The students worked with shop/art teacher Jared Czech to come up with a design and build the bins.

The students were surprised by how quickly their classmates and the faculty began using the new bins as soon as they were set up. They expected to empty the bins weekly, but were surprised when it needed to be done every other day.

“It’s impressive how much we have filtered out of our trash,” Anderson said. “It’s really cool to see how kids react to something like that and jumped on board with it.”


According to a press release by YES!, knowing that just having the bins around school would not be enough, they began an advertising campaign to empower students to recycle. They even recruited key staff to assist in their efforts.

“The early results were an elimination of 80-100 pounds of waste per month being diverted from the landfill,” the release noted.

The final project the students worked on was planning a school garden. The students wanted to offer other students who may not otherwise have an opportunity to garden to be able to become involved with the project.

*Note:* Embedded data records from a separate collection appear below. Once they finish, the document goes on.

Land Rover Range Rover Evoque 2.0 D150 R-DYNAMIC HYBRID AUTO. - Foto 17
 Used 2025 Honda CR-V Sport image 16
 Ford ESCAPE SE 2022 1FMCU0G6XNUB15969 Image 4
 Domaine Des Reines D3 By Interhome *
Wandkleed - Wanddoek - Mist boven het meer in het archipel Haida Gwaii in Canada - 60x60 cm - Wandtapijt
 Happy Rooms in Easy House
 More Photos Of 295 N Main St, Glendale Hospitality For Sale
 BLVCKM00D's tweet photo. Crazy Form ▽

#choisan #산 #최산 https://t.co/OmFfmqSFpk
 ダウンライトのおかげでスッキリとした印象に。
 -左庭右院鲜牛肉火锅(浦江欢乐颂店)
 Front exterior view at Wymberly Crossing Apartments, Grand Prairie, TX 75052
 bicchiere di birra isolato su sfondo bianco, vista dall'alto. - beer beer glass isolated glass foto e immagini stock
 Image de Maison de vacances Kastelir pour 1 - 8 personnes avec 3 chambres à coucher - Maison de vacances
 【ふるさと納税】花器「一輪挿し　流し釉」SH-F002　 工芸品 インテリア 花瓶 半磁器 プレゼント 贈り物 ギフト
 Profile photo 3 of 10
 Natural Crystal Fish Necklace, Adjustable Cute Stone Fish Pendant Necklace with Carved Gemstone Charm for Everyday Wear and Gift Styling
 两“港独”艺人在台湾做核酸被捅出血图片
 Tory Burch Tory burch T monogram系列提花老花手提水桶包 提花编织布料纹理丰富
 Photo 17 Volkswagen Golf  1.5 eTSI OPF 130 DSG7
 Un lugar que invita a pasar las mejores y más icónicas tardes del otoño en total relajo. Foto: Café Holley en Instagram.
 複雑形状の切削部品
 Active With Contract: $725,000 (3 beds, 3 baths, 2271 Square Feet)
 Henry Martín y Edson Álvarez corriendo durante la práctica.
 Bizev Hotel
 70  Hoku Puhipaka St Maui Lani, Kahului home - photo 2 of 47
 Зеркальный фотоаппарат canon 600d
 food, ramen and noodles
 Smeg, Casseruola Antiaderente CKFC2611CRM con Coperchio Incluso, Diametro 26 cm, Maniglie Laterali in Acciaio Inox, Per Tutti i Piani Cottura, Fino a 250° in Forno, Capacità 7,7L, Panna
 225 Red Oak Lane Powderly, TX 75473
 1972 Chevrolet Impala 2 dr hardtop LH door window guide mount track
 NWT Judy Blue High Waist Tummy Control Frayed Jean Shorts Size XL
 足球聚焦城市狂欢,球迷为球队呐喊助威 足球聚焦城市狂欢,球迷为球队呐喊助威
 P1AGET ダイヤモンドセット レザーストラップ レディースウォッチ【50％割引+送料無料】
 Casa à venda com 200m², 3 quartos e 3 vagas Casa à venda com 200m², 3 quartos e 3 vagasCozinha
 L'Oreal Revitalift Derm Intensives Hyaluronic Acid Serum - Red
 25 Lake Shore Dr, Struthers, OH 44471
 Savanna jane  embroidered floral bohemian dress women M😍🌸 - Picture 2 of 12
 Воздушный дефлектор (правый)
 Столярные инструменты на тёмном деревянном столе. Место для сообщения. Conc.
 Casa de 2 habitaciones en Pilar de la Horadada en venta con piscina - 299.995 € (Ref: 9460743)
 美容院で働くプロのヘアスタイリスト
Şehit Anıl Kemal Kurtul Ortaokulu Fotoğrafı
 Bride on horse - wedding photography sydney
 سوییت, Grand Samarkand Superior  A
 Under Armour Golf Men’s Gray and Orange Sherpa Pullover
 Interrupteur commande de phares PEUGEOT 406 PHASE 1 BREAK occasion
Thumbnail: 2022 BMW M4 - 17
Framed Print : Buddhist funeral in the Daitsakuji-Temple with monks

They were also hoping the garden would provide enough produce to be incorporated into the school meals by the cooks.

The ambitious youth planned to make a raised foundation for the garden on school property. They had a pile of dirt delivered to the site, then a city worker informed them they couldn't build a garden there because that’s where the city dumps snow.

“The city said they would be willing to help us move it and maybe give us some fence,” Matlack said.

The other roadblock the team ran into with the garden was acquiring pallets. The students planned to get about 50 pallets from a local business, but the day before they were to pick them up, the pallets were destroyed. The problem-solving students began calling around until they were able to find pallets elsewhere.

“We have had to do a lot of bouncing back from things that have happened,” Matlack said.


The city of Carlton has also offered to donate some large concrete planters if the group want to use them around the school.

“Let kids take control of the projects. When you make a whole bunch of kids think, we put our heads together and come up with some ideas,” Anderson said. “If you let the kids do most of the work they will be more involved and care more … it may take a little longer but the whole process will be more fun.”

The YES! coordinator agreed.

“The Carlton High School YES! Team did some incredible problem solving and implemented some innovative solutions to their projects,” DeVries said.